The Rover P5 was private transport of the highest order. For years, it ferried the great and the good about their well-heeled business. Government ministers – and top civil servants – put down their attaché cases and relaxed on its sumptuous seats. Security picked up the purr of its engine, as one – whether at Downing Street, Parliament or Buckingham Palace. So, on state occasions, the four-wheeled presence of Rover P5s was a given.
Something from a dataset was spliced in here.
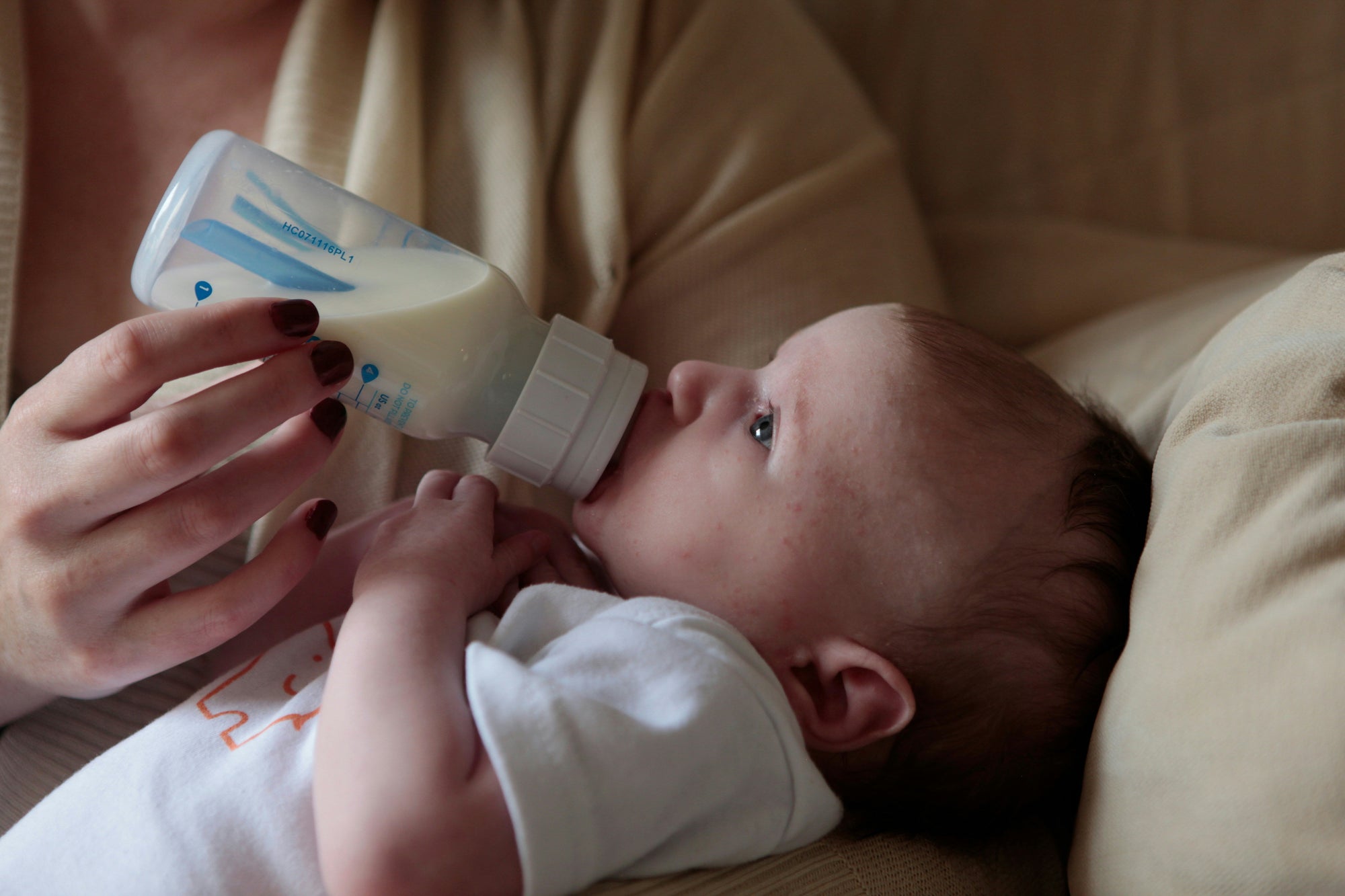 Can you Mix Breastfeeding and Formula Feeding? Yes, Here's How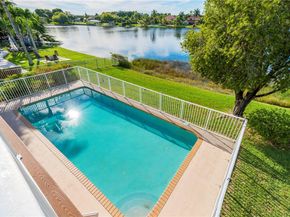 1008 NW 180th Ave, Pembroke Pines FL 33029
The P5 was impeccably styled by David Bache. It was so-named because it was ‘post-war design number 5’. Its exterior was the pinnacle of saloon car sophistication. Sober lines – and toned-down hues – exuded due gravitas. The interior, too, was quality incarnate. The materials used said it all. The dash was fashioned from African cherry wood. The carpet was Wilton. Seats were, of course, luxury leather. To all intents and purposes, the P5 was a banqueting-room on wheels. The pliancy of its ride echoed the subtlety of its styling. The P4’s separate chassis was now history.
On the surface, the P5 was the quintessence of Englishness. From ’67 on, however, the US lay beneath – in the form of a 3.5-litre Buick engine. It brought some much-needed speed to the P5 package. No more running late for those executive meetings. Previously, the P5 had been powered by a 3-litre motor. Buick’s V8 made 185bhp. The P5’s top speed climbed to 110mph. The powerplant was sourced from parent company GM. Rover got it at a discount – since it had become surplus to requirements. The gearbox was 3-speed auto. Thoughtfully, Rover provided a toolkit – albeit, somewhat basic. It was discreetly tucked away in the dashboard. Not that the P5’s passengers would have had much of a clue what to do with it! Many of the key decisions of our times were made with the help of the P5. Many a soirée could not have happened without it. In motoring terms, society’s crème de la crème had never had it so good. We must be forever grateful, then, to the Rover P5 … I think!